TASK INSTRUCTIONS: Make an exact copy of the records, leaving out the images.

[Records excerpted from a collection]
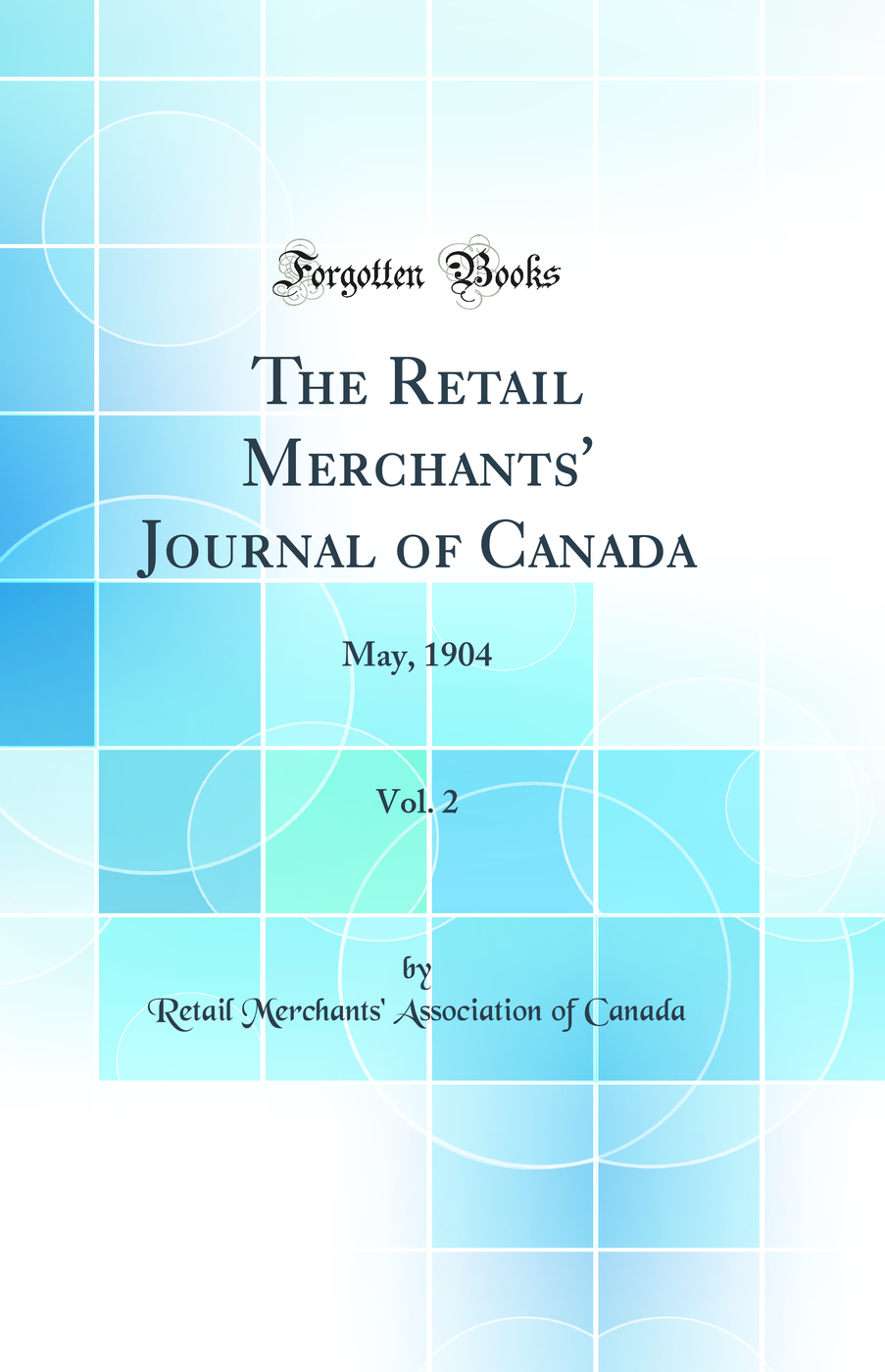 The Retail Merchants' Journal of Canada, Vol. 2: May, 1904 (Classic Reprint)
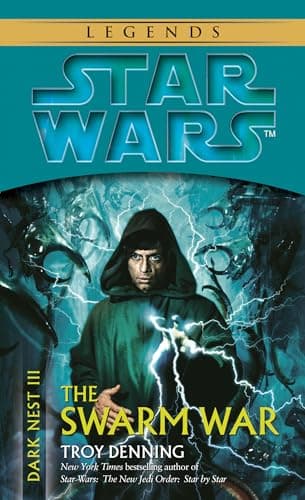 Book cover for The Swarm War (Star Wars: Dark Nest, Book 3) by Denning, Troy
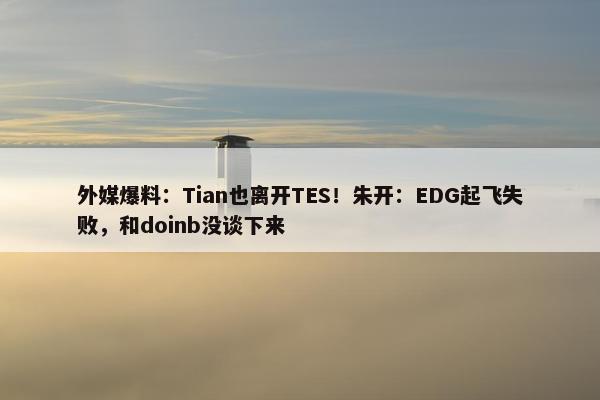 外媒爆料：Tian也离开TES！朱开：EDG起飞失败，和doinb没谈下来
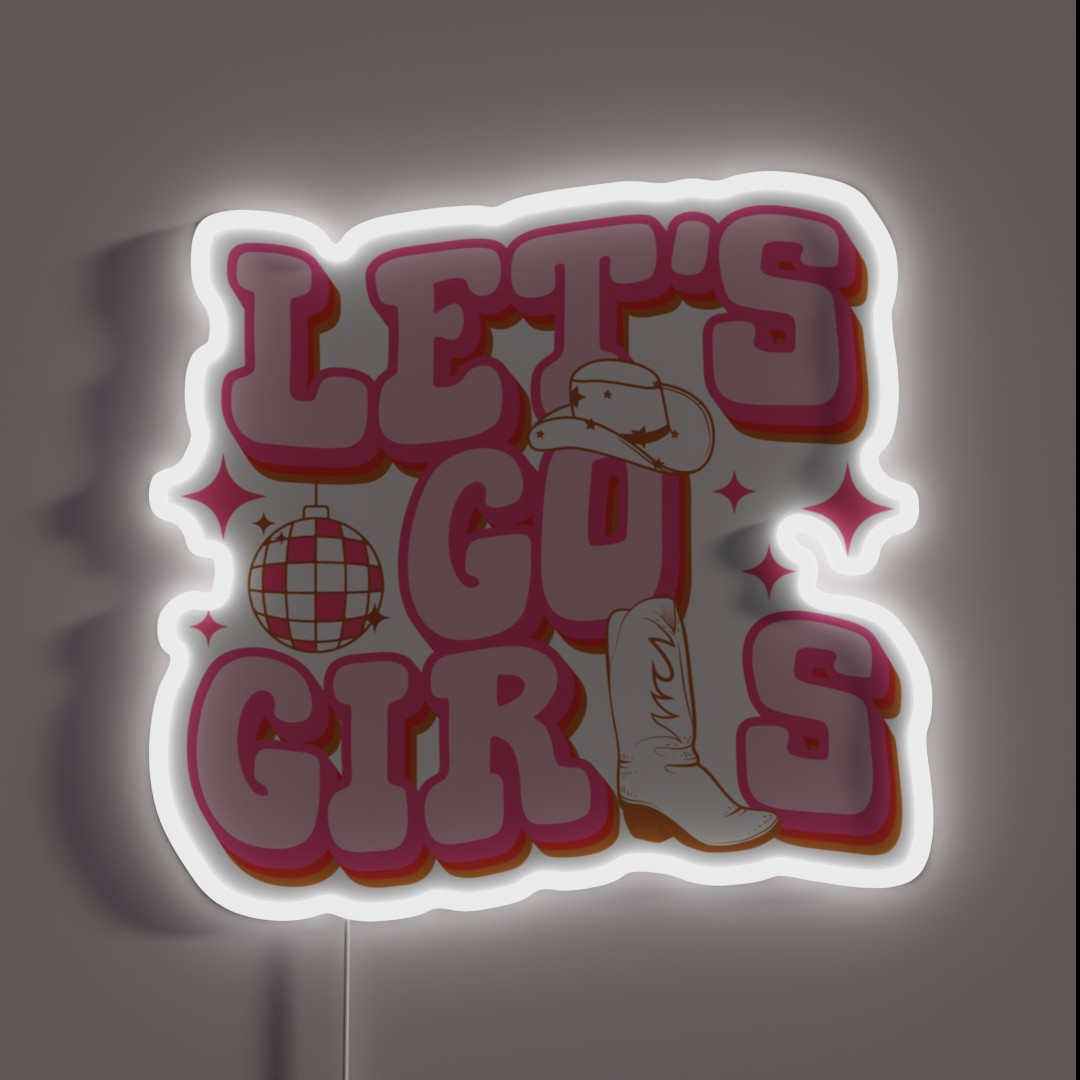 Let S Go Girls Cowboy Hat Cowgirl Boots RGB Neon Sign Let S Go Girls Cowboy Hat Cowgirl Boots RGB Neon Sign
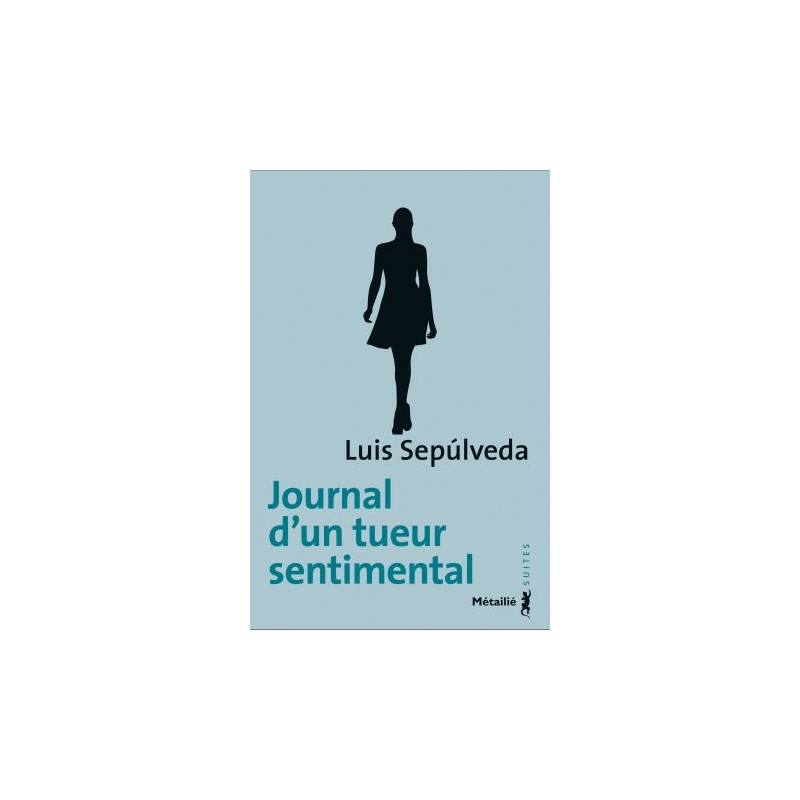 Journal d'un tueur sentimental - Luis Sepulveda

RESPONSE TO THE EXERCISE:
 The Retail Merchants' Journal of Canada, Vol. 2: May, 1904 (Classic Reprint)
 Book cover for The Swarm War (Star Wars: Dark Nest, Book 3) by Denning, Troy
 外媒爆料：Tian也离开TES！朱开：EDG起飞失败，和doinb没谈下来
 Let S Go Girls Cowboy Hat Cowgirl Boots RGB Neon Sign Let S Go Girls Cowboy Hat Cowgirl Boots RGB Neon Sign
 Journal d'un tueur sentimental - Luis Sepulveda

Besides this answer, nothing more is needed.